**Task details**
From the entries that follow, pick out all lines holding "chatting".

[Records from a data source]
....

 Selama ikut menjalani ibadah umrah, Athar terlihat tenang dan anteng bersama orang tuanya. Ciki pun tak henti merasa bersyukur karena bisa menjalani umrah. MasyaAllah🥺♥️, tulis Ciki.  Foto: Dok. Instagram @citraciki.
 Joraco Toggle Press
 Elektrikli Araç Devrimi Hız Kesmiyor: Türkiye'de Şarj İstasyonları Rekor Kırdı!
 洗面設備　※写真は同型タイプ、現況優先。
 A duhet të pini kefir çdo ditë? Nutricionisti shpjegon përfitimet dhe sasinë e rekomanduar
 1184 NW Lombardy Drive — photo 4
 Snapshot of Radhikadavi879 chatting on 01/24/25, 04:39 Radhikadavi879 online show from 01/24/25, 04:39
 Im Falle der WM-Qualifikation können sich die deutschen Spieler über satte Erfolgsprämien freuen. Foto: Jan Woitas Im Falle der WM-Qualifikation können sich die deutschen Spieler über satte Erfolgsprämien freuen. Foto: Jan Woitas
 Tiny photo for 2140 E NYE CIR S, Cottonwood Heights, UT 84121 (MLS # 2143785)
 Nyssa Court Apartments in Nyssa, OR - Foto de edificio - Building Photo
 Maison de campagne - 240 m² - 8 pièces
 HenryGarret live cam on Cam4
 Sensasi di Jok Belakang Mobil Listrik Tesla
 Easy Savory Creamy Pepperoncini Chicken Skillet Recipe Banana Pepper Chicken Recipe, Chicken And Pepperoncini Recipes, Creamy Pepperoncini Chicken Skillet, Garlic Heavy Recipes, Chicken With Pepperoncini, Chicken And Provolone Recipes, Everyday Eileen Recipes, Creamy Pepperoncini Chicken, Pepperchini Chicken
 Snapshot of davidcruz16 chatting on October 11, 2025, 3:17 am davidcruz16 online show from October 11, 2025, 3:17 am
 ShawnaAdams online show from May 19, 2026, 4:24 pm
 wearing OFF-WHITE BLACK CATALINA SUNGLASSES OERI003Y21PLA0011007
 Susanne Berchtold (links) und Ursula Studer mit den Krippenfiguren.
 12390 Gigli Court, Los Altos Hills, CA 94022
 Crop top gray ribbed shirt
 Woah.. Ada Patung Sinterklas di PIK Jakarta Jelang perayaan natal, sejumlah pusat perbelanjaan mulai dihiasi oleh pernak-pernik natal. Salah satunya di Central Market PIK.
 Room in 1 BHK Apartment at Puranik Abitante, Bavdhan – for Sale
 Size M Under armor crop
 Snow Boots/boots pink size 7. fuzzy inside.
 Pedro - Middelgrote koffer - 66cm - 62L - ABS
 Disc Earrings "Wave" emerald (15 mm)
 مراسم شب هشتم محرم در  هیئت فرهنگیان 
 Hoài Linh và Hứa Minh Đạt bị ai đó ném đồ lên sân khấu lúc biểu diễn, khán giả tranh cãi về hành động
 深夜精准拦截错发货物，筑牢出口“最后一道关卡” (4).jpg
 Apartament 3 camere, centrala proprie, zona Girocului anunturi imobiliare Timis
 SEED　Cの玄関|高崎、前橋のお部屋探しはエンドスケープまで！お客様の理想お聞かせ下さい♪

....

**Completed exercise**
 Snapshot of Radhikadavi879 chatting on 01/24/25, 04:39 Radhikadavi879 online show from 01/24/25, 04:39
 Snapshot of davidcruz16 chatting on October 11, 2025, 3:17 am davidcruz16 online show from October 11, 2025, 3:17 am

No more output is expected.